NCLB's formulae for fixing the problems amounts to tutoring, transfers, and the threat of firings and/or school takeovers. The report shows that very few students are using the transfer options because schools are generally too overcrowded to accept them. It also shows that there is very little data at this point on the effectiveness of tutoring, though I generally think this is a very good part of the law.
But the biggest problems reported by the schools are staffing and funding. If every single student in every demographic is to pass math, science, and reading tests, schools are going to need more resources.
Predictably, Asst. Sec. of Education Ray Simon said, "The perpetual cry of more money, once again echoed in this report, simply does not comport with the facts." Well, that depends which facts you consider. I agree, of course, that money by itself will not improve education but it stands to reason that if you are going to require greater productivity from anything, you must increase its capabilities. I can't just tell my computer to go faster, I've got to get a new processor or more memory. And that costs money.
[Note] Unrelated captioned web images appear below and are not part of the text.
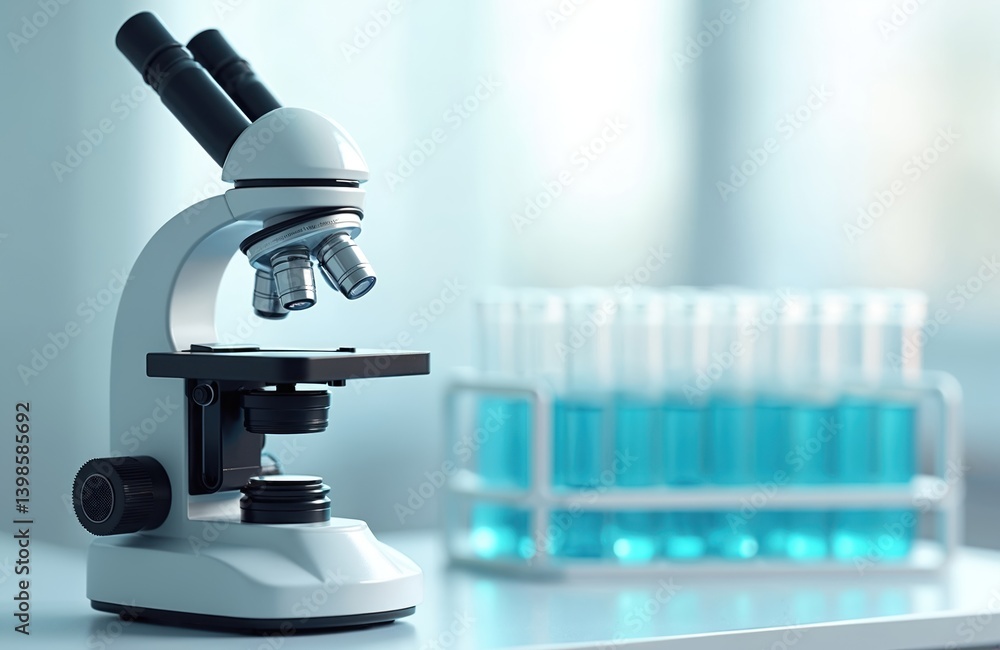 Poster 3d rendering microscope illustration. medical research lab equipment with test tubes. biology scienc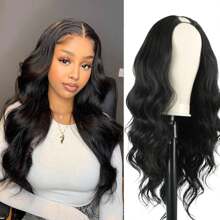 24inch V Part Wig Body Wave Glueless Wig Clip In Extensions Thin Part Wig Long Wavy Black Half Wig For Women, Hair No Leave Out V Part Wigs Beginner Friendly No Sew In Synthetic Wigs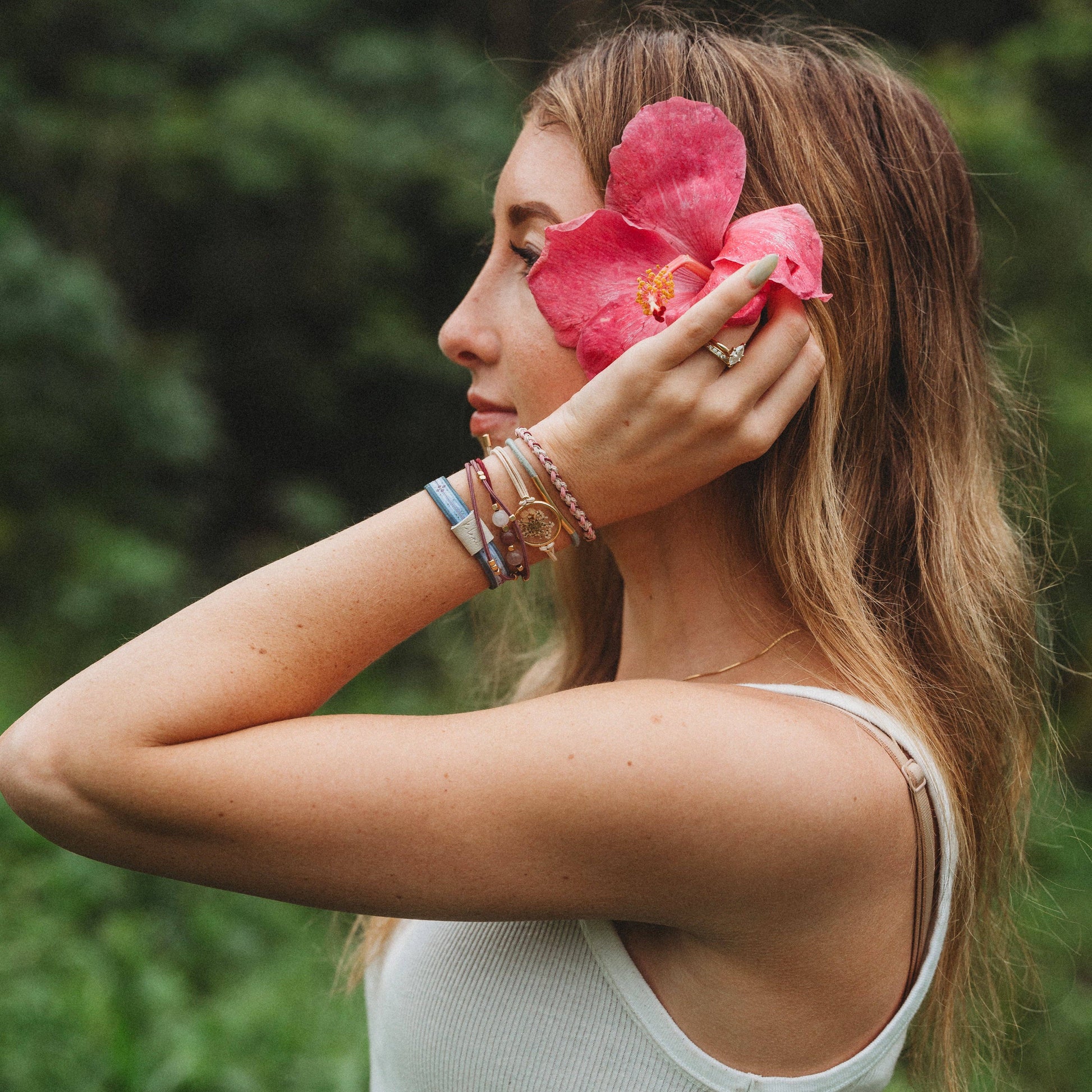 "Bloom" Maroon and Pink with Pressed Flowers Hair Tie Bracelets 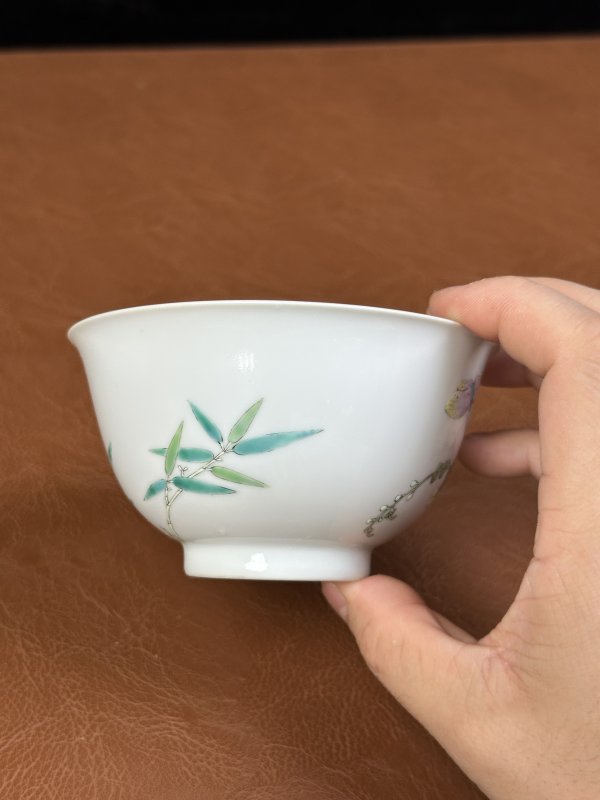 清嘉庆 粉彩过枝癞瓜纹茶园 - 图8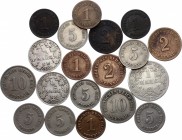Germany Lot of 19 Coins 1874 - 1915
With Silver; 1 2 5 10 Pfennig 1/2 & 1 Mark 1874 - 1915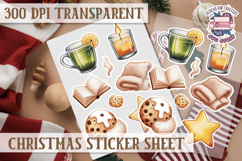 Christmas Watercolor Sticker Sheet Winter Cute Holiday PNG Product Image 1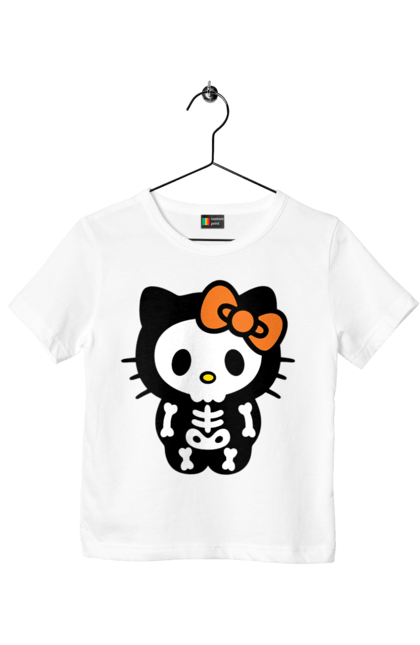 Футболка детская с принтом Хелло Китти Хэллоуин. Halloween, hello kitty, zombie, бренд, зомби, котенок, персонаж, скелет, хелло китти, хэллоуин. 2070702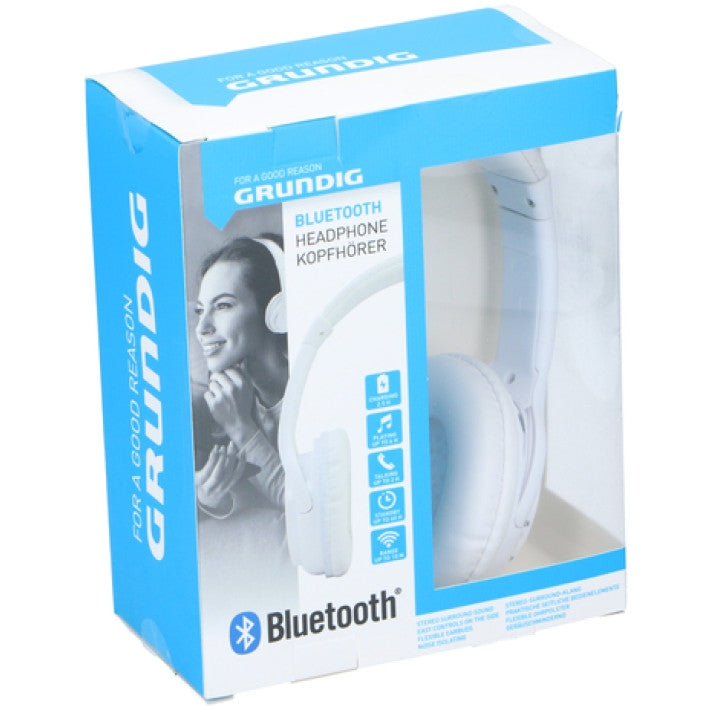 Grundig ED-40080: Bluetooth Stereo Headphones with Noise Isolating Microphone Black
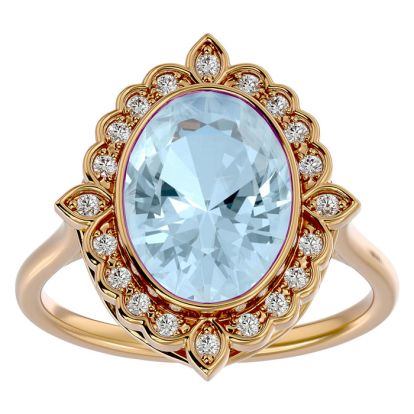 Aquamarine Ring: Aquamarine Jewelry: 1 1/3 Carat Oval Shape Aquamarine and Halo Diamond Ring In 14 Karat Yellow Gold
But funding isn't the only story here. There's a cautionary tale to be told. In nearly every situation in which high stakes testing has been instituted, test scores spike after the second or third years. The increased emphasis on the tests and the exclusion of other areas of focus cause that to happen. But usually the results start to flatline shortly thereafter. I think declaring victory because test scores improved after the third year would be extremely premature.